● **What is needed**: Go over the listing below line by line and tally those containing "Office". Give only the tally.

● **Data provided**:
------------------------

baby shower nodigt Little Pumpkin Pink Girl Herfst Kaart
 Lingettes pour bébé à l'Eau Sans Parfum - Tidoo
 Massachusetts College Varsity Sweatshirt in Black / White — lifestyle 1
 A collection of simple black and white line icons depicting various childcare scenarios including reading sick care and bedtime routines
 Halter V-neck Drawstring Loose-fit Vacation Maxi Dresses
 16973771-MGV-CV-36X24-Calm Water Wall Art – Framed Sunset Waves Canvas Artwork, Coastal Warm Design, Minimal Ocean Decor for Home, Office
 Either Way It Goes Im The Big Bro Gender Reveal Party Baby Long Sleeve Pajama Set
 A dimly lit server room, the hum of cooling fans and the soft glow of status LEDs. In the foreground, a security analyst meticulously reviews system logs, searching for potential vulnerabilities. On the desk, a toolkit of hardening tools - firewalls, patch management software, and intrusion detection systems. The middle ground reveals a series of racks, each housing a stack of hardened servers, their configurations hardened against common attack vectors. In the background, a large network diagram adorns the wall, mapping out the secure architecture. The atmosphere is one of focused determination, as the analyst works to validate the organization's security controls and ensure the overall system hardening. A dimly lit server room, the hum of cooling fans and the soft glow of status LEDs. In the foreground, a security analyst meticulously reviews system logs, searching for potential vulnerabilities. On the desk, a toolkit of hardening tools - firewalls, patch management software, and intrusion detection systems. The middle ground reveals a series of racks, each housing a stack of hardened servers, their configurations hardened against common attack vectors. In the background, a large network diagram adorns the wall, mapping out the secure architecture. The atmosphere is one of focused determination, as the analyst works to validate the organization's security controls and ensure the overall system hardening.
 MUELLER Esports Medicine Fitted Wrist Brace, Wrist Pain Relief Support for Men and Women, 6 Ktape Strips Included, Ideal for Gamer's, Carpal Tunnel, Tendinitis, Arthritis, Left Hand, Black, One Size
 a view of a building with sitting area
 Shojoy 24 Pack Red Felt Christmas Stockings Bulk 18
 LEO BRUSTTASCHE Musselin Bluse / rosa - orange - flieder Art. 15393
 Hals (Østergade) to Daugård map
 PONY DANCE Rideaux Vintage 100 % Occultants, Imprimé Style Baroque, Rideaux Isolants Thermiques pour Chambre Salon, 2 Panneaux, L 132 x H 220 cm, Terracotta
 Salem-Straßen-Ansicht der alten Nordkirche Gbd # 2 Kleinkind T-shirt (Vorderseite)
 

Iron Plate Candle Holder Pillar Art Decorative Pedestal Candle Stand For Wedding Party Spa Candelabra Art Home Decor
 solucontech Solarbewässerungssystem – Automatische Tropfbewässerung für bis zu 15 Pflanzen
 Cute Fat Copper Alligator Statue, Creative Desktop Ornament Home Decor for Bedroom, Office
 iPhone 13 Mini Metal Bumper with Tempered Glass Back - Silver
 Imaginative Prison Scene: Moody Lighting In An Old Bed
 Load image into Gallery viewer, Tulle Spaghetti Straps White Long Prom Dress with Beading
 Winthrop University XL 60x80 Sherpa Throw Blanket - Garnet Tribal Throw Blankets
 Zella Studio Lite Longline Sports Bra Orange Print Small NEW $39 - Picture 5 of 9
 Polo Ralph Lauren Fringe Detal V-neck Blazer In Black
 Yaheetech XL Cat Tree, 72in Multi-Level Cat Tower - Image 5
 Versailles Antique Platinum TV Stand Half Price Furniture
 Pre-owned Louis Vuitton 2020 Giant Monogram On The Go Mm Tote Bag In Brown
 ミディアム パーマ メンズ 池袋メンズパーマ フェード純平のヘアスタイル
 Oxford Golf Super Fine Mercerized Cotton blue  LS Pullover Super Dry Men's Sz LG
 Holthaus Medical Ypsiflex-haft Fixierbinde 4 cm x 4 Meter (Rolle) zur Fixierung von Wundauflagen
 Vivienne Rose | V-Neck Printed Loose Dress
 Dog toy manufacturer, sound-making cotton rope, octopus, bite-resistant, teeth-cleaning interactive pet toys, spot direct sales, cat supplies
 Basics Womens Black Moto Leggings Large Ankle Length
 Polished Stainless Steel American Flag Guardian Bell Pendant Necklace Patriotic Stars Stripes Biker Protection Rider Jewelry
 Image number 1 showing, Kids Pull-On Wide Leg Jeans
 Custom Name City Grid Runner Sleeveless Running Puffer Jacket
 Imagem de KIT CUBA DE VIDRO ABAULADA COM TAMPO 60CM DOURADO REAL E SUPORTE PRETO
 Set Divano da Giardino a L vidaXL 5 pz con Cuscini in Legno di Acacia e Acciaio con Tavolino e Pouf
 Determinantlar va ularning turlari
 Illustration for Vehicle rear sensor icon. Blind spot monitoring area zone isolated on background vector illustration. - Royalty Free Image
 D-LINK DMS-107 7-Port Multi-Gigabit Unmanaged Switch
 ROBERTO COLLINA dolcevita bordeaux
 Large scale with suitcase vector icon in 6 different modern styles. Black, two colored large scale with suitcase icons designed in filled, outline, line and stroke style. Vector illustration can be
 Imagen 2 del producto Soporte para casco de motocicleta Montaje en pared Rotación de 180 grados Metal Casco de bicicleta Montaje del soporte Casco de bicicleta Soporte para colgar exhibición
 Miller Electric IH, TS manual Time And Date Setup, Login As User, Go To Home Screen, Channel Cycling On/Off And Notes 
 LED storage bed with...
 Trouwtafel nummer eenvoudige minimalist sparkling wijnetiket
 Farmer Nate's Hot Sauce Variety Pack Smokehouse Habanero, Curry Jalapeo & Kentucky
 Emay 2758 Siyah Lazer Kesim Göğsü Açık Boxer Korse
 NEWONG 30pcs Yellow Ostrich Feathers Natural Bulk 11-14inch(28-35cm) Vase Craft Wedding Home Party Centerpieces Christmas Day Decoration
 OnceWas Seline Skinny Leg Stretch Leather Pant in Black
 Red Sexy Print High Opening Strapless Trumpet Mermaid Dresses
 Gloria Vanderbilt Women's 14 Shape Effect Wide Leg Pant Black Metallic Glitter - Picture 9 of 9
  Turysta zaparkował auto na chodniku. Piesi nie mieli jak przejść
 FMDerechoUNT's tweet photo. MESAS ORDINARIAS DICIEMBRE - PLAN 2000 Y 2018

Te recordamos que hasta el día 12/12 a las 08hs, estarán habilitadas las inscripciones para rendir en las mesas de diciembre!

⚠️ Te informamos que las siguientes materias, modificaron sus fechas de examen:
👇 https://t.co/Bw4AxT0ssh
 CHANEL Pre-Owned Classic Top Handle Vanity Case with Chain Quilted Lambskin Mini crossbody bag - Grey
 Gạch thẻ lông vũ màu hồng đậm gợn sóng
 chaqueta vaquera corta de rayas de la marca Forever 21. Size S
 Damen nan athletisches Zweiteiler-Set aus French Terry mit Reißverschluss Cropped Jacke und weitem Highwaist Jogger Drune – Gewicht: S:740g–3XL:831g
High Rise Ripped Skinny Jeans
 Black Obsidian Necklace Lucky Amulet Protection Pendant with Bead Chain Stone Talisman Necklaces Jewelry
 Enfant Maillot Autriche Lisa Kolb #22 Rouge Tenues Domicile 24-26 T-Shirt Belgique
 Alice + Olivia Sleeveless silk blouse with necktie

------------------------

● **Solution below**: 2